The IFST was established to advance food science and technology, to advance education in the area and to make progress in applying principles of food science for the benefit, safety and health of the public. It serves the public by taking into account the many elements that are important for the efficient and responsible supply, manufacture and distribution of safe, wholesome, nutritious, and affordable foods with due regard for the environment, animal welfare and the rights of consumers.

==History==
===Origins===
In the 1950s, food science and technology became a subject in its own right. The UK National College of Food Technology was established in 1955 and food science degree courses began to be taught in four UK universities and one polytechnic. By the 1960s, food science and technology graduates and other scientists who were working with food felt the need for an institution that recognised the new discipline of food science and technology. The IFST was formed in 1964 to cater for this new breed of scientists and work began rapidly on creating and developing the new organisation. By 1968, the Institute became an incorporated body, with a Memorandum and Articles of Association and Bye-Laws.

===Development===
During the 1970s, IFST further development its range of professional activities. In 1980, IFST became a full member of the Council of Science and Technology Institutes (the predecessor to the Science Council).
In the following decade, IFST focused on its public benefit role, in particular, the initiative to form the European Federation of Food Science and Technology (EFFoST), and the further development of its scientific publications.

===Into the 21st century===
In November 2007, the Charity Commission granted charitable status to the IFST company. IFST is a member-based organisation governed by a Board of Trustees, who are elected by the members. The Board is assisted by a Finance Committee and a small Executive Team. There are six standing committees, each of which deals with a particular aspect of the Institute and advises the Board on relevant topics. These committees are made up of IFST members and chaired by a member of the Board, all volunteer based. The IFST member base represents the largest food science and technology community in Europe. IFST is the only qualifying body in the UK dedicated to food science and technology.

==IFST's activities==
The IFST aims to serve the public with competence and integrity. The IFST lists its aims as:
1. Benefiting the public supply of safe, wholesome, nutritious, tasty and attractive food through the application of sound science and technology;
2. Improving public knowledge and awareness of important issues relating to the supply, production, safety and quality of food;
3. Developing and communicating the knowledge underlying food science and technology, and furthering the education of food scientists and technologists;
4. Safeguarding the public by defining, promoting and upholding professional standards of competence, integrity and ethical behaviour; and
5. Maintaining these standards by encouraging members to continue their professional education and development throughout their careers.
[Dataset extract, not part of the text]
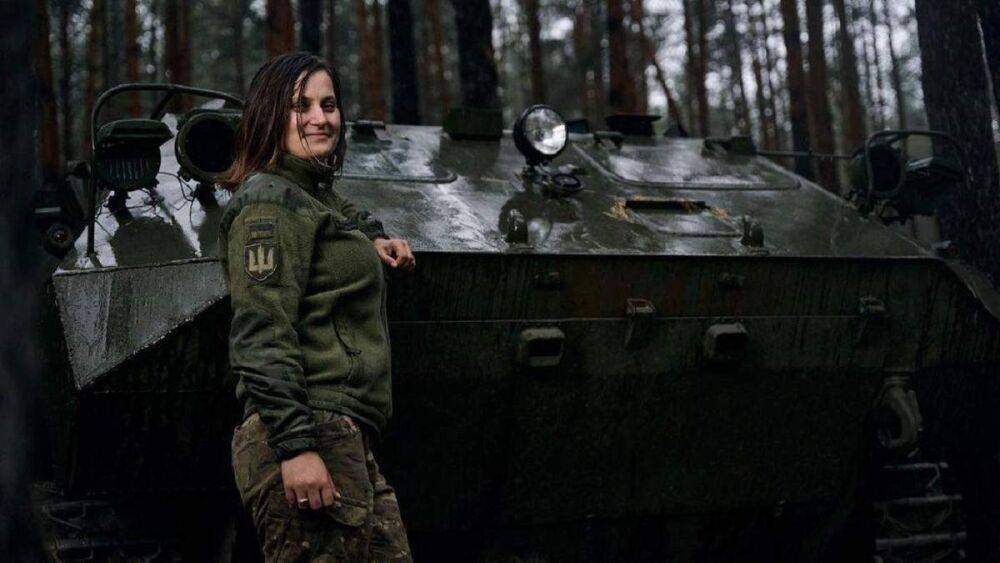 В ее взгляде – вся решительность нашей земли: чувствительные фото первой в Украине женщины-артиллеристки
As an independent body, the IFST claims it can take an independent and objective evidence-based position on all matters relevant to food science, food technology and food professionalism.

The IFST retains strong links with the US-based Institute of Food Technologists (IFT) and with the International Union of Food Science and Technology (IUFoST).

===Events===
IFST hold a number of regional and national events in the UK, some of which are organised by IFST's regional branches or professional groups. The majority of these events are open to the public. IFST hold a number of conferences including the IFST Annual Spring Conference and AGM, The Changing Face of Auditing (organised by the IFST Western branch), and the IFST Professional Food Sensory Group (PFSG) Annual Conference. They also organise lectures, discussions, and various other events. On a regional level, many branches organise food-themed outings to breweries, factories, orchards and related places.

===Careers===
IFST does a great deal to promote careers within food science and technology to young people. IFST, in partnership with the Food and Drink Federation (FDF) and The National Skills Academy for Food and Drink, have launched Taste Success, a campaign dedicated to demonstrating the vast opportunities within food science and technology, particularly the food and drink manufacturing sector.

IFST's Learning Zone has a great deal of information about careers in food science and technology including a list of UK universities offering food science and technology related courses (from foundation level to postgraduate) and testimonials from IFST members about their careers. IFST have also designed a Graduate Guide to Food Science and Technology which is available in print or online.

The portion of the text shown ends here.